December 6, 2010

Any Colour You Like

Pink Floyd, The Dark Side of the Moon 1973

I have always said that kids do, indeed, notice the color of one's skin.  They just do not assign a value to it.  Ah yes, it is up to us adults to instill that in our children.  Start 'em early, that's what I say.

To be sure, Gentle Reader, when your mother is obviously 10 shades paler than your father, you tend to notice.  When your mother has a sense of humor that is obviously 10 degrees more wicked than your father's, you notice.  And then, you take notes.

When all else fails, we find comfort in humor, right?  And yes, Manoj has learned to be somewhat wicked in his humor.  I suppose living with me for all of these years would break even the most purest at heart.  This would be the spot where I openly admit we enjoy teasing our children that we are going to give them to new families (in addition to the idle threats involving transactions with roving bands of gypsies.)  And, to be fair, we mix up the colors of the mama and daddy pair.  Sometimes, both parents are brown, sometimes both white.  Sometimes mixed, with a switcheroo on the particular ethnic pairings. Always, our kids giggle, because they know we are teasing.  And as Anjali emphatically declares "NO, I want a white mama and a brown daddy."

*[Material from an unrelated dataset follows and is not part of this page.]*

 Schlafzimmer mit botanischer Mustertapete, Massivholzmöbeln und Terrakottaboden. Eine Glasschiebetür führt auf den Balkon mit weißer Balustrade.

Manoj and I will not know for a long, long time if we are doing the right thing when it comes to discussing race, color and ethnicity with our children.  But I do know that I want the dialogue to be open, because that is the most important piece in all of this. 

This morning, Arun and I were at breakfast together.  I love these meals, just the two us while Anjali is at school.  As Arun dug thoughtfully into his pancake, he struck up the following conversation:

Arun: Mama, is India where all the brown people come from?
Me: Um.  Not really.  There are brown people everywhere.  And there are even white people in India.
Arun: Really? Cool!

At this point, I realize this might be a good place to start a small, watered-down discussion of racism.

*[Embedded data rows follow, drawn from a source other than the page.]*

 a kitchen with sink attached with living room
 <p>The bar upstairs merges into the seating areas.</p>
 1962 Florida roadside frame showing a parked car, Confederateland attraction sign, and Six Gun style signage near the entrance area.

Me: Also, did you know that there are some people who don't like other people just because they are brown.  Can you imagine?  Not liking someone just because they are brown?

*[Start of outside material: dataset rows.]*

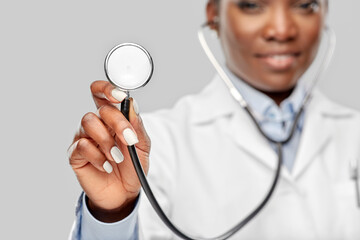 medicine, profession and healthcare concept - close up of happy smiling african american female doctor in white coat with stethoscope over background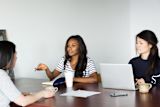 women-leaders-are-better-off-without-hierarchy_asset_three-women-discuss-over-coffee-and-laptops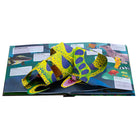 Hardcover Paws Claws and Snapping Jaws pop-up book by Insight Editions showing colorful animal illustrations and intricate paper pop-ups.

Keeping in mind that "not liking someone" is serious, not-be-trifled-with business to a 5 year old.

Arun's eyes grow big.

Arun: Really?!  Do some people not like white people because they are white?
Me: Yes, that happens, too.  And someday, Arun, you might hear someone say something not nice about Daddy or brown people.  What do you think you would say if heard someone say that?
Arun: That it is stupid.
Me:  Yes, it IS stupid.
Arun:  Well, what about Daddy's friend, Tom?  He is brown. Do some people not like him because he is brown?
Me: Sure, I bet someone out there is really jealous of his awesome tan.

At this point, I start laughing.  At all of it.  My 5 year old boy's sweet, pure innocence and the fact that a man with a kick-ass tan is still considered "white".  And let me be clear - stupid is not a bad word in our house. It is not allowed to be directed towards people, but it allowed to be directed towards actions and ideas.  The thought that someone would denigrate someone based on skin color IS stupid.  I am not going to lie to my kid just to appease the Word Police who would have all of us ban a perfectly good word from our vocabulary.

I ended the conversation by telling Arun that he is both white and brown.  Sure, my boy could have probably passed for a White Man With A Damned Fine Tan, but no - instead, we saddled him with his phonetically-challenged name thus permanently stamping his differences. This morning, I did not make a big deal about his Mixed Palette Status, I just casually mentioned it and he did not question it.  We finished our breakfast and moved on to bigger and better topics.  Namely, which flavor of bubblegum he would get to purchase as we checked out.  He is 5 years old, after all.  There will be plenty of other opportunities for me to explain the far more serious ramifications of racism.

And in the meantime, I will continue to secretly hope those things will not exist down the line.


kristen said...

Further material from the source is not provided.